ZIEN: Oh boy, we had a guy I took a C-rat opener like I've got on here, and he punched a couple of holes in his wrist. He said a rat bit him, and they give them those rabies shots in the stomach. And then he told the truth, after a few shots, he said “No, I'm lying. I just didn't want to go on patrol because the groups, excuse me, the NVA were all over,” and they were going to court-martial. Parker, Parker was his name, Parker, blonde-haired guy from the East Coast somewhere. I don't know. They sent him to the rear and he was not with our unit anymore, but they were going to court-martial him for lying like that. We had another guy, Roman, from Illinois, who purposely jumped off a cliff, or maybe it was a B-52 hole, and he sprained or broke his ankle and he got sent back to the rear. But he admitted that he did it on purpose because we could hear gooks, excuse me, the NVA hollering at night, [Zien says something in Vietnamese] they were trying to get us to come outside the wires. But we were going north into the DMZ area, and Roman didn't want to go up there, so he jumped off and now. When he went back, it was reputed they were going to court-martial him.
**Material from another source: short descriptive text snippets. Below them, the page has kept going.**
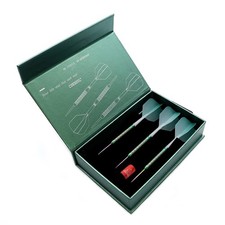 Green GEM Stone 21g Steel Tip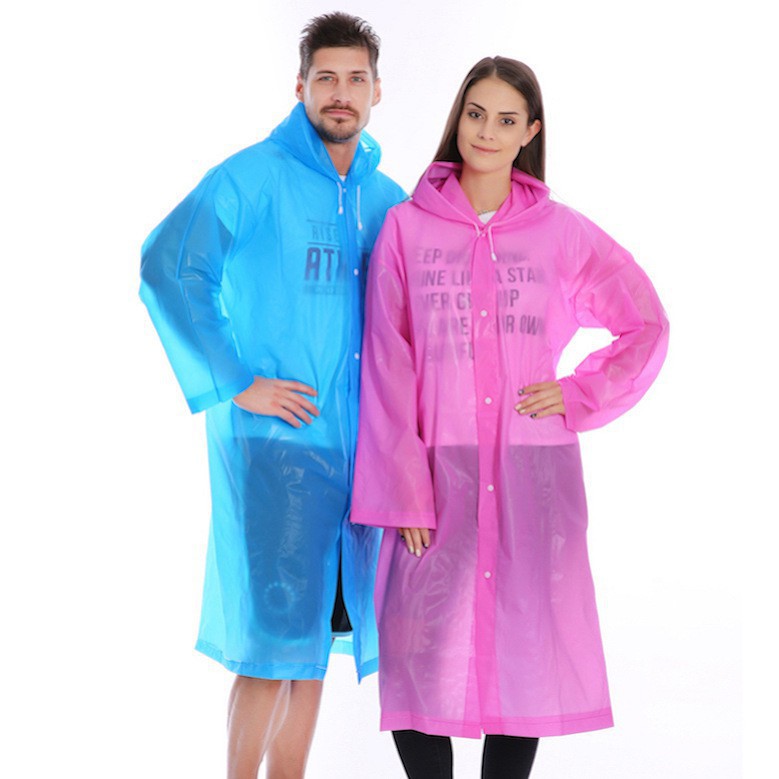 Adult non-disposable EVA eco-friendly raincoat Thickening tasteless ...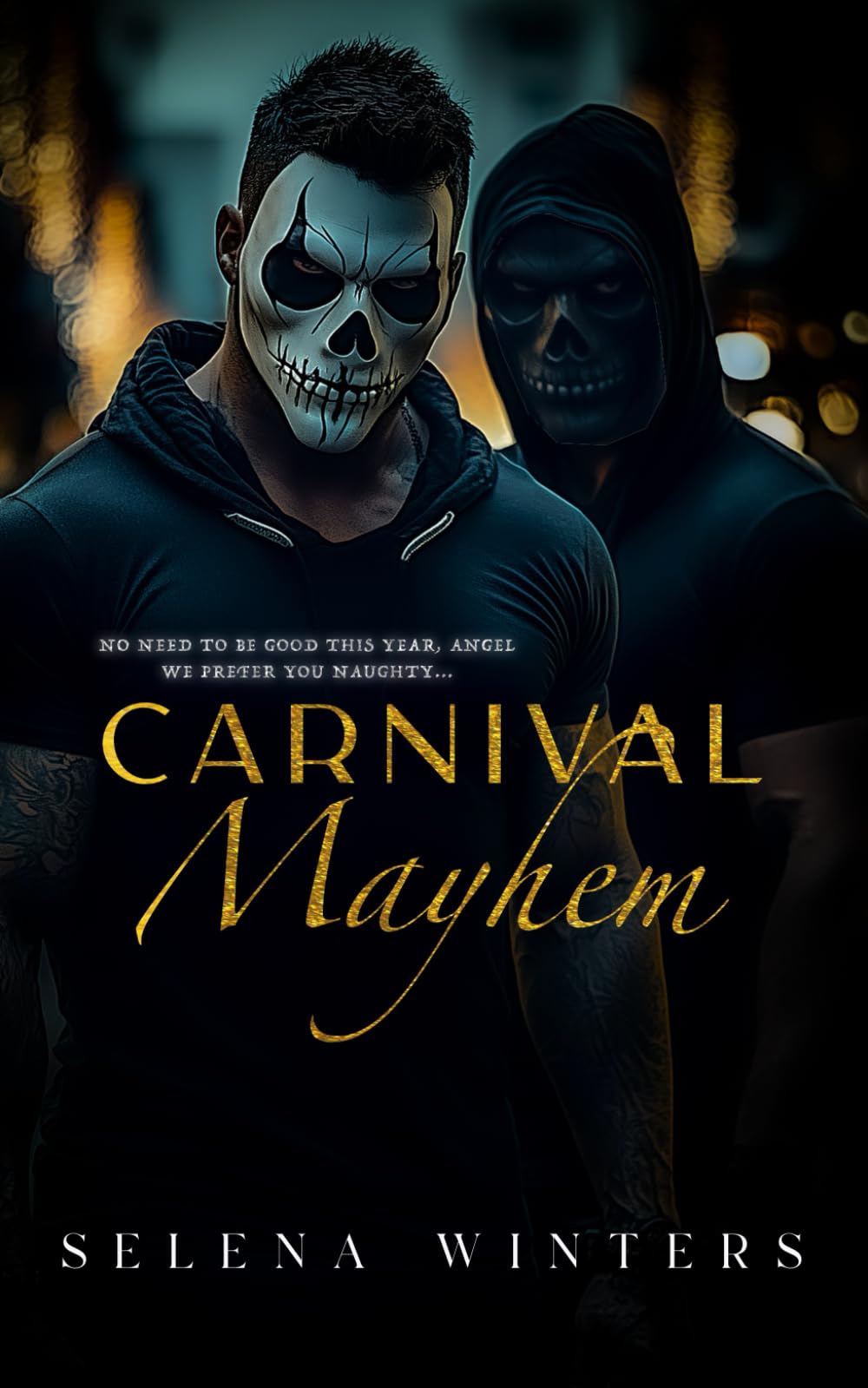 Carnival Mayhem: A Dark MMF Romance (Carnival Series)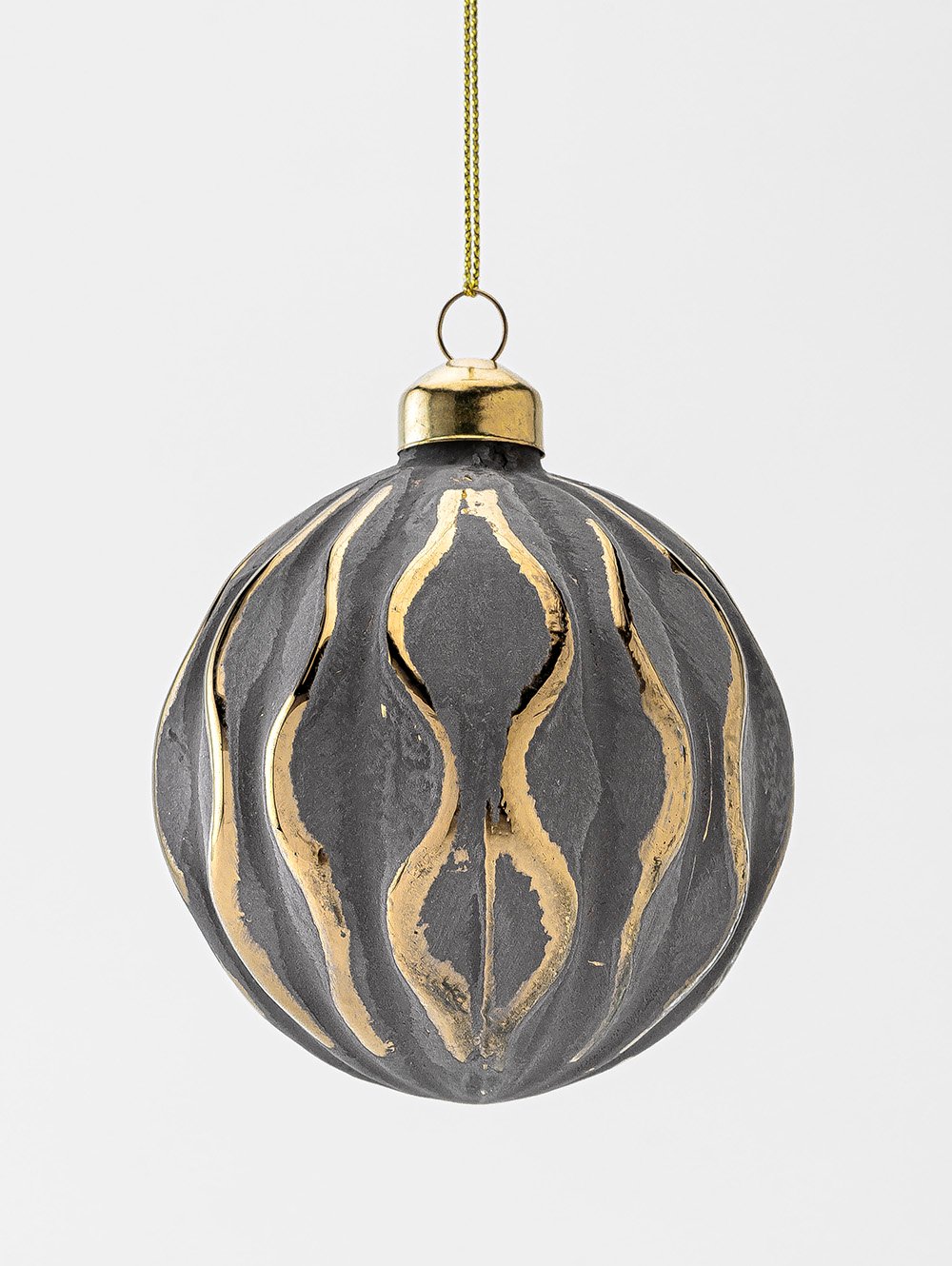 BOLA NAVIDEÑA AURORA GRIS image number null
KURTZ: So that was a discipline for self-inflicted wounds and lying and stuff like that. But if somebody shot in the wrong direction by mistake, that's what it was.
ZIEN: We had a guy, oh boy. We had a guy, we were on an eight-man squad. I think about eight of us. We were on an ambush, a night ambush. And this guy from Michigan, oh if I could remember his name. Oh boy, I can't. But he fell asleep on purpose. He was cold and it was raining, so he fell asleep, and the next morning, McGraw, squad leader from Montana, beat him up. I mean, beat the living crap of him. They had a helicopter, whatever his name was, I'll remember it before the session, hopefully. But they helicoptered him out because he was beat up so bad. McGraw, to my knowledge, never got disciplined, because he was almost his rotation basis, his years were almost up in Vietnam. And they just, hey, but hey, I mean, if the NVA, they could have wiped us all out. So its a justifiable injury.
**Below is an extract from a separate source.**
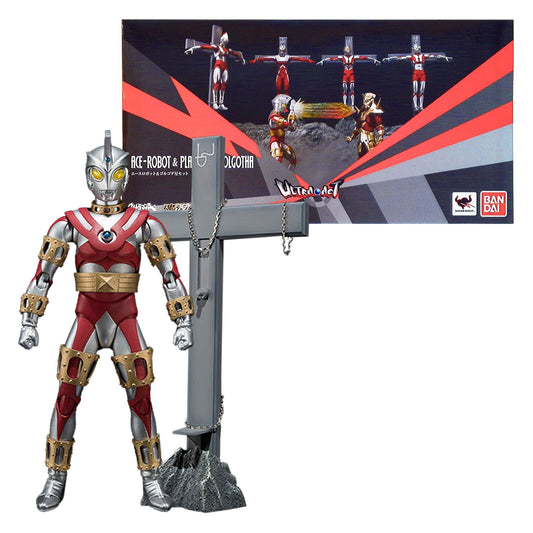 Ultra act 超人 ultraman robot ace & Planet of Golgotha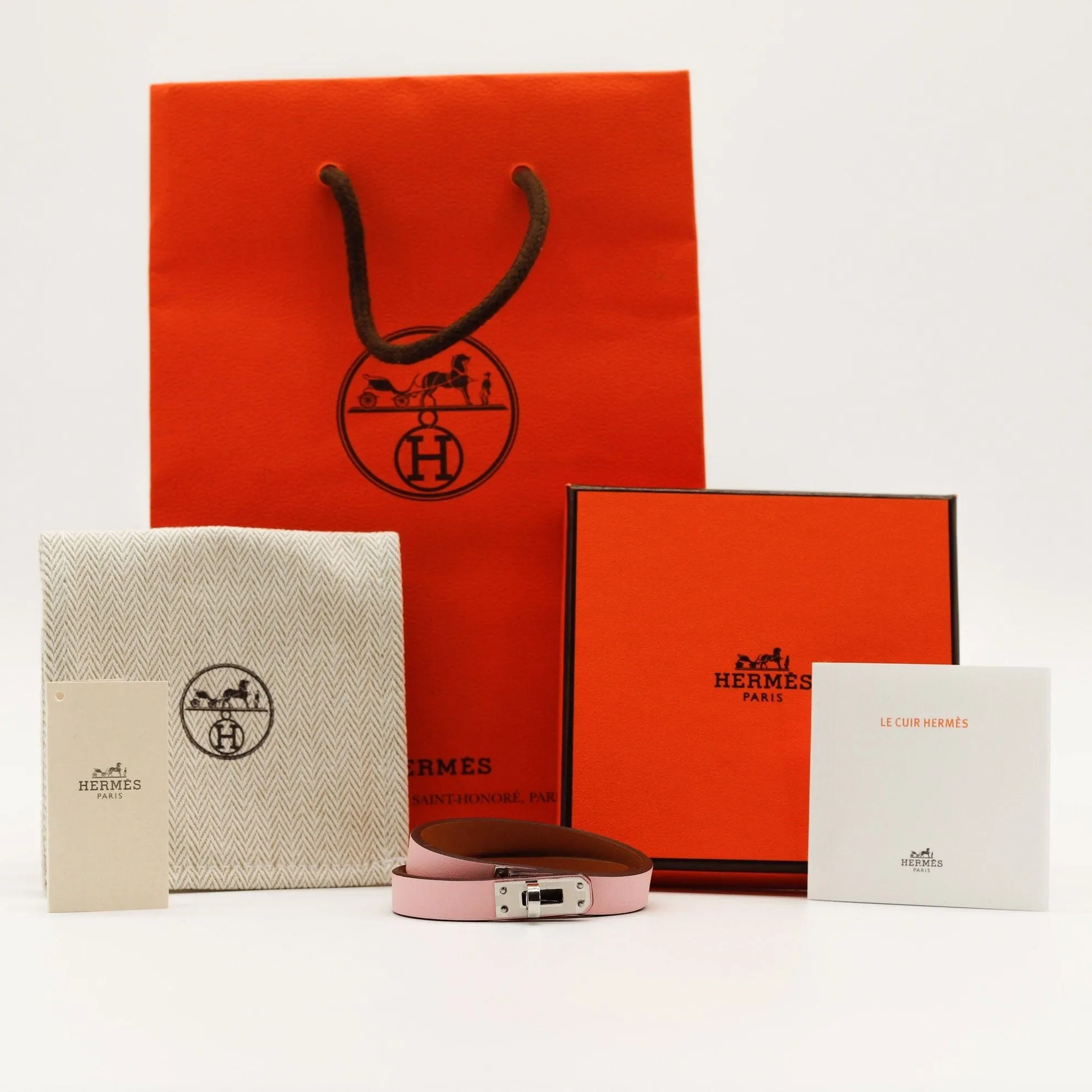 Hermès - Bracelet Kelly Double tour sold by 58 Facettes product image thumbnail 2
KURTZ: Valid. And that sends a message to everybody else that you don't do that.
ZIEN: You know, a good squad disciplined his Marines. I mean, I mean, we could have been killed. We had, the word had been that a marine unit had this piano wire thing they, with handles on it, they put over their– a crop?
KURTZ: A garrote.
ZIEN: Garrote, yeah. Garrote, garrote, garrote. Okay, you probably know more about that, I should be interviewing you! [Kurtz laughs] But anyway, there was like 11 or 12 Marines on one ambush. They set up an ambush in front of some NVA, and they all were basically beheaded from the garrote. The piano wire would be put over their head, and they just pull it tight and, you know.
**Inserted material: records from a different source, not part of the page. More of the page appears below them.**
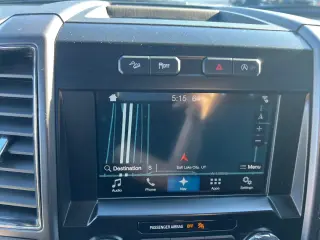 Ford F-150 2017 4x4 XLT 4p SuperCrew 6.9 pie SB
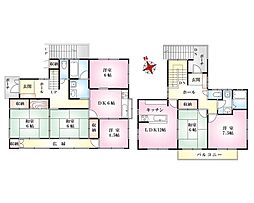 相模原市緑区東橋本3丁目　中古戸建
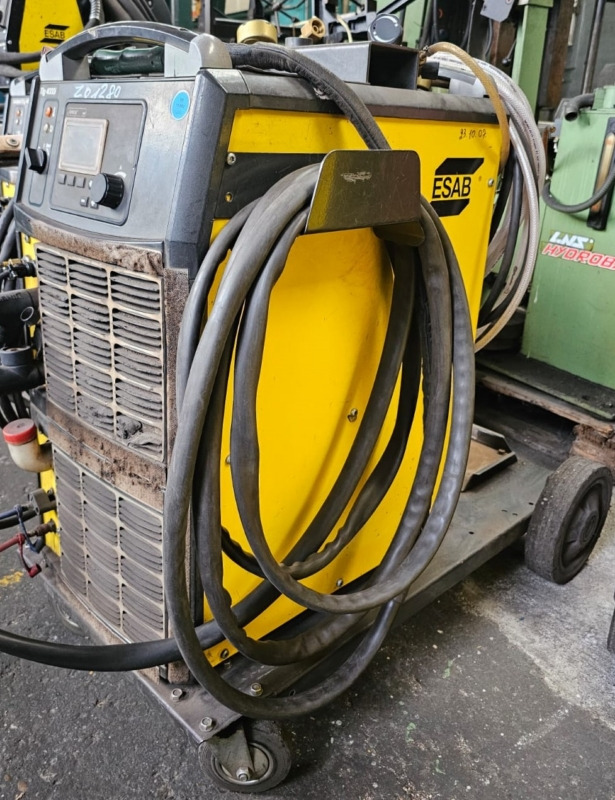 ESAB AB Tig 4000 iw - Thiết bị hàn: hình 2 ESAB AB Tig 4000 iw - Thiết bị hàn: hình 2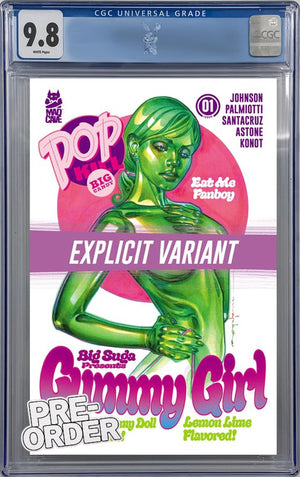 Pop Kill Big Candy #1 (of 4) Cvr G Brian Stelfreeze Black Bag | CGC 9.8 | Preorder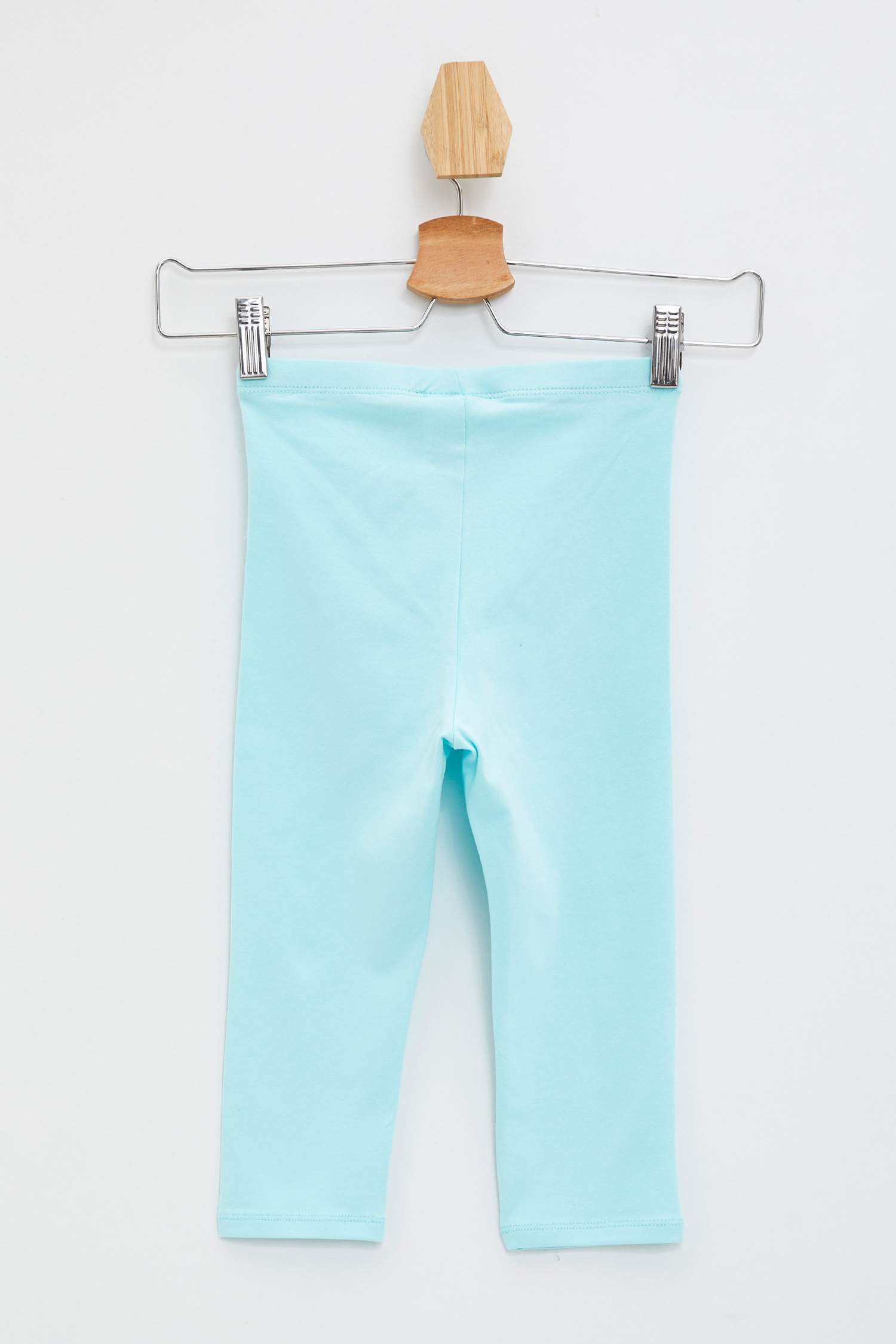 Kız Çocuk Slim Fit Tekli Tayt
KURTZ: Yeah. So how long were you out in the field typically before you'd go back to a base camp? [Muffling in the microphone] You said that you came back for a few days? What did you do during those few days to rest?
ZIEN: Okay, we had been a few weeks' operation. Then we come back for a few days.
KURTZ: Yeah. What did you do during those few days?
ZIEN: Drank warm beer.
KURTZ: Drank warm beer. Do you remember what kind it was?
ZIEN: Oh my gosh.
KURTZ: It wasn't Leinie's, I bet.
ZIEN: Absolutely not. Olympia?
KURTZ: Okay.
ZIEN: Olympia beer. But it was warm, just like P-I-S-S. But we drank warm beer, got drunk. I got pictures of a lot of this.
KURTZ: Yeah.
ZIEN: I mean, it was a strong camaraderie, went to the PX and ate lots of candy, and spent whatever money we had. Wrote a lot of letters home.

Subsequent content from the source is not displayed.